Wednesday, August 8, 2012

The final push

It's my last week on Lake Tanganyika for the year, and Ben and I have One Last Big Project component to finish up before I head home: Fish excretion, or more aptly: making tiny fish toilets out of Ziploc bags.

For the few of us that remain, it’s all hands on deck, as each of us has a part to play in the endeavor. I won’t even attempt an explanation of the various components, but here’s an Extremely Brief Overview of what the others are doing:

Renalda is doing something involving length and weight relationships of Tropheus brichardi (again, the details are fuzzy…)

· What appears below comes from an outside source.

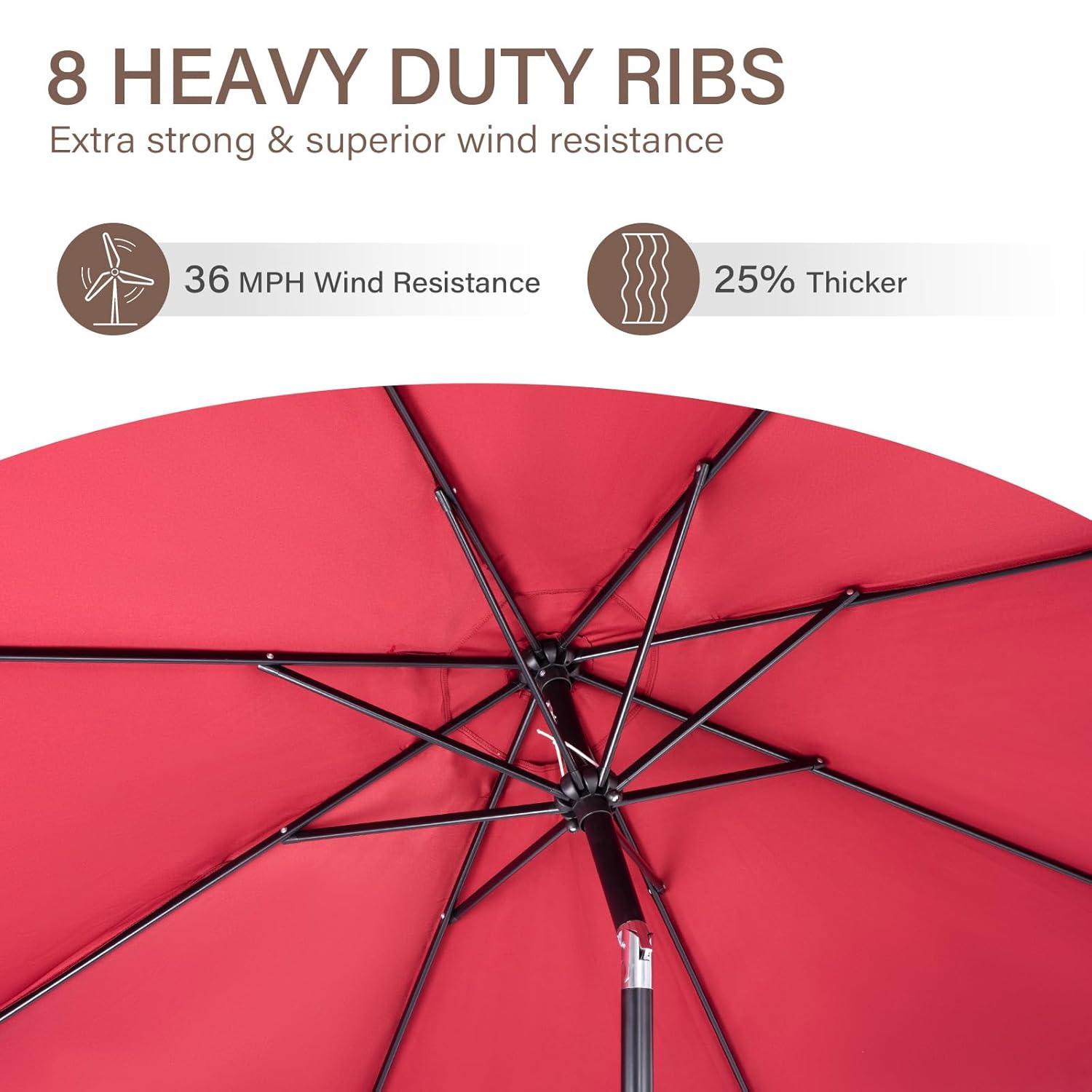 9 Ft Patio Umbrella with Crank System and Tilting Feature - UV Resistant Polyester Fabric - Red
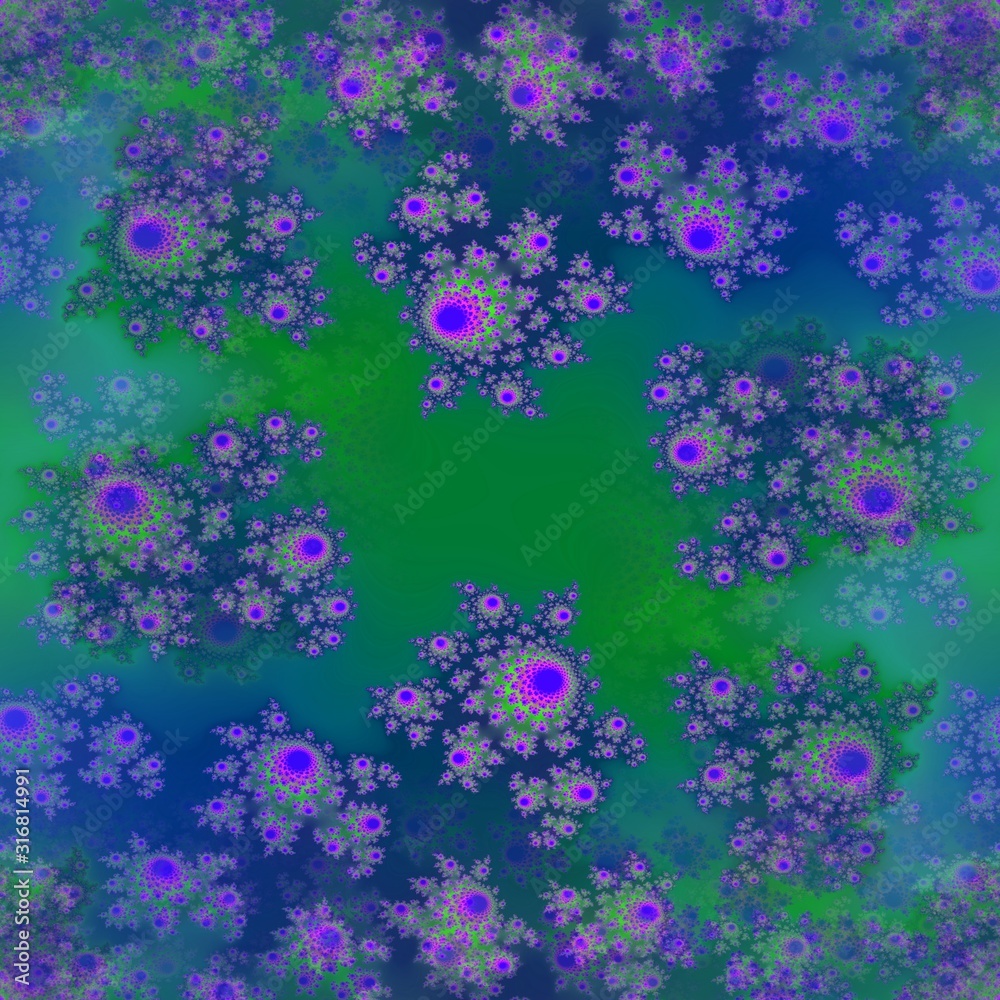 Beautiful dreamy floral fractal design pattern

Lesley is studying fish metabolism, so her fish go into special PVC chambers and she monitors the oxygen demand of the fish.

Look closely! There's a little fish in there, swimming away.
Benja and I collect fish pee from 6 species of cichlids representing different trophic levels (more on that in a minute…)

We're trying to get sponsorship from Ziploc.
And Ryan collects poop.  


The life of a field ecologist is nothing if not glamorous. 
 
We’re currently on Day 3, and at any given moment it has potential to cross that fine line between Well-Oiled-Machine and Total Shitshow. 
 
We did a version of the excretion project last year, and I seem to have forgotten (until recently!) how intricate and all-absorbing and absolutely exhausting it all is (and I’m not the one staying up until the wee hours playing with “cancer juice” and the fluorometer. That’s Benja’s job. But more on that in a minute). 

The downsides (baking in the sun, sitting on hard rocks all day, and sweating bullets on shore) are mostly outweighed by the good stuff (Ryan’s homemade guacamole, not-super-stale popcorn from our friendly duka-owner, and good tunes blaring over the lab speakers). I still maintain that even a bad day on the water is better than the best day on land. But that’s just me.
 
Here’s the rundown of a typical excretion day:

The night before:
Benja spends a couple hours or so filtering lake water with an electric vacuum pump. That may seem like an unnecessary detail, but it is NOT, Dear Reader. Last year we did it all in the field with hand pumps, filter towers, and flasks, and by the end of the summer I had Popeye forearms. I did not wish to repeat that muscle exercise, so the mechanized version is a dream!

I label up water vials and Ziplocs for all 41 fish we'll be sampling.

Early AM:
Gather all the gear for the day and walk it down the beach. Lately we’re using George’s boat, the Maji Makubwa, since we’re down to one Zodiac and Too Many People/Too Much Gear. 

Georgie at the helm of the Maji Makubwa
10 a.m. and on:
Head to today’s site and try to find some nice (and accessible!) shoreline. It was Damn Windy this morning, and this maneuver involved a brisk (!) swim, floating gear over our heads while waves bashed us into the rocks, and manhandling aforementioned heavy gear over slippery boulders. Something about it didn’t feel very safe…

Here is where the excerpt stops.